As the reviewer suggests, we expect similar Aβ load values between mice from Fig.2C and Fig.4C1.

Initially, PBS injections did not accelerate Aβ pathology formation compared to non-injected mice (Fig.

4C1). We have added contralateral area (Fig. 4C2) as a comparison to confirm our conclusion that human extract from AD patients accelerates Aβ pathology in hAβ-KI mice compared to contralateral and PBS treated mice. The figure legends have been reduced following the reviewer’s advice. A figure with amyloid pathology in different brain regions of hAβ-KI mice has been added (Supplemental Fig. 6).
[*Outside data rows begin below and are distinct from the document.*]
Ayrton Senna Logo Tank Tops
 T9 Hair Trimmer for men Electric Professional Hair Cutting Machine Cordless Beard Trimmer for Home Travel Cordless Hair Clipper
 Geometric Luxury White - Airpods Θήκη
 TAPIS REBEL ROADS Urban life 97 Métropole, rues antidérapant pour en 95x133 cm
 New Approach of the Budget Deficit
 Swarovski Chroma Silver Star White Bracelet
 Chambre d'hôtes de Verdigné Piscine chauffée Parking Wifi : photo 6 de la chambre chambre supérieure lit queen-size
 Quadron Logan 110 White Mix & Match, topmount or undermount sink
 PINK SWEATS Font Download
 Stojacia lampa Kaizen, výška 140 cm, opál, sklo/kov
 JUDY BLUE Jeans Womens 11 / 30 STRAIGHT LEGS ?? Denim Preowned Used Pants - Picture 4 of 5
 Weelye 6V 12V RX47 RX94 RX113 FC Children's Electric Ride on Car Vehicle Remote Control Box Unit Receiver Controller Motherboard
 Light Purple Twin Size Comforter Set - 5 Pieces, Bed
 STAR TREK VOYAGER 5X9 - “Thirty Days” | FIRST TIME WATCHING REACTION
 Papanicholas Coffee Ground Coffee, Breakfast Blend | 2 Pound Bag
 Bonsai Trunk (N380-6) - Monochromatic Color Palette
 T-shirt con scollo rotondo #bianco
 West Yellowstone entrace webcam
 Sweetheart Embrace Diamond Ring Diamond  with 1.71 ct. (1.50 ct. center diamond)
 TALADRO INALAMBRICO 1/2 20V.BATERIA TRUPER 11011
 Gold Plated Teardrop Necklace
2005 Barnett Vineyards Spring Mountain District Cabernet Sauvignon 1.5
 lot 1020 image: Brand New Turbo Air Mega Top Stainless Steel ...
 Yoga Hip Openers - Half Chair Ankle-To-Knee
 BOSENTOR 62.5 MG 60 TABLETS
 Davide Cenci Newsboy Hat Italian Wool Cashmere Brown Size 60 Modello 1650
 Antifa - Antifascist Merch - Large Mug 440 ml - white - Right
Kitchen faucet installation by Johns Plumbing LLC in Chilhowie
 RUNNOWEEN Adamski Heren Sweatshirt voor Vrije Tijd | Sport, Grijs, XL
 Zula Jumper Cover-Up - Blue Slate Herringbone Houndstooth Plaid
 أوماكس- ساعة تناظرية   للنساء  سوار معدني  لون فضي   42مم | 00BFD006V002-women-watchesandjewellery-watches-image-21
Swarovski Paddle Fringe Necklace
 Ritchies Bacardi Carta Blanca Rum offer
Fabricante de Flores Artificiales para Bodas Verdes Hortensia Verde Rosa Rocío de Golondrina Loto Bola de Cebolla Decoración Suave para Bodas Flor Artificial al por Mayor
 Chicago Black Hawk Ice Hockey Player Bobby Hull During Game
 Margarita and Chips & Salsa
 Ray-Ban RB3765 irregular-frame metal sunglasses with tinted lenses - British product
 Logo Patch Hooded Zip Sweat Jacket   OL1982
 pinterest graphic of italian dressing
3) There are over claims throughout the paper. This is more evident in the Discussion section. In particular when referencing to the translational value of the model. Since it is becoming increasingly clear that both the amyloid and the tau pathology are essential components leading to clinical presentation of AD it is hard to conceive how the present model could justify sentences such as:

"These characteristics more closely mimic the human situation", ..."an ideal model for investigating the primary risk factor for AD-aging-", "...will serve as useful platform to introduce and identify factors that drive AD pathology".

We understand the reviewer’s comment and we have tempered our enthusiasm through the entire manuscript. We concur with the reviewer that TAU pathology is also an important component of a useful animal model of late onset AD. We have addressed this issue in the discussion.

4) The title also should be more conservative removing the component of "as a basis to study sporadic Alzheimer's disease". The authors should rather be more factual emphasizing that a first hAβ KI tg mouse model can unleash synaptic, behavioral and genetic alterations. The paper is well written and contains extensive experimentation. The main value of the communication being the illustration of the first mouse model with KI approach for the sole expression of human Aβ material. A main drawback of the submission is the poor quality of the majority of the histological illustrations.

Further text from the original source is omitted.